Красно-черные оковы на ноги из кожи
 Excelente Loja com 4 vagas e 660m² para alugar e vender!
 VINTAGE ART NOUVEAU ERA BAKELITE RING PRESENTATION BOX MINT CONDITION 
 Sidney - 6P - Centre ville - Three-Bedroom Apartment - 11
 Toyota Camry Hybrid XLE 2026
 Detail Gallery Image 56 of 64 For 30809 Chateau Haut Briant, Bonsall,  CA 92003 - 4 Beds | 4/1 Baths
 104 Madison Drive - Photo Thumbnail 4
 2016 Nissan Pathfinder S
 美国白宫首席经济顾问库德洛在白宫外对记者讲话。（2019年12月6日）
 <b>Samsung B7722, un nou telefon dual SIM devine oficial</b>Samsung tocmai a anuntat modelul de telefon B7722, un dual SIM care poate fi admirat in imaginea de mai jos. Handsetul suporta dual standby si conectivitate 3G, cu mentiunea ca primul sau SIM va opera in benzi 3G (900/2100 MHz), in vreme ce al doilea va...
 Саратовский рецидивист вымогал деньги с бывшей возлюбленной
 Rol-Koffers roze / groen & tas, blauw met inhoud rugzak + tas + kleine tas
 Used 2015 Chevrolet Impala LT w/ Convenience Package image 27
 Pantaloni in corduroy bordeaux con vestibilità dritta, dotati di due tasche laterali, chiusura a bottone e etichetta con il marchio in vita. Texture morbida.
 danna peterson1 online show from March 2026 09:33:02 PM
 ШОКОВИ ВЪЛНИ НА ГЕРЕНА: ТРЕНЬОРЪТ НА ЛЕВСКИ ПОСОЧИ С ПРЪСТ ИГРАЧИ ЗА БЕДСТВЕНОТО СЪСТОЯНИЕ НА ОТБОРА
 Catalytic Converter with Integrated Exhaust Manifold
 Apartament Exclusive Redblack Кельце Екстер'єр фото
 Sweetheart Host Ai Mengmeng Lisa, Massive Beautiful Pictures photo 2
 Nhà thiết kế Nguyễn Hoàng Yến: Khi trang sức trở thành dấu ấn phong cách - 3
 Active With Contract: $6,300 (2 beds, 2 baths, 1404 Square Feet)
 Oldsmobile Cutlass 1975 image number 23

=-=-=-=-=

Problem to solve:
Exact retyping is needed for the line with "Apartament Exclusive Redblack" and for each line after it through the end of the listing above; no other lines belong.

Your response:
 Apartament Exclusive Redblack Кельце Екстер'єр фото
 Sweetheart Host Ai Mengmeng Lisa, Massive Beautiful Pictures photo 2
 Nhà thiết kế Nguyễn Hoàng Yến: Khi trang sức trở thành dấu ấn phong cách - 3
 Active With Contract: $6,300 (2 beds, 2 baths, 1404 Square Feet)
 Oldsmobile Cutlass 1975 image number 23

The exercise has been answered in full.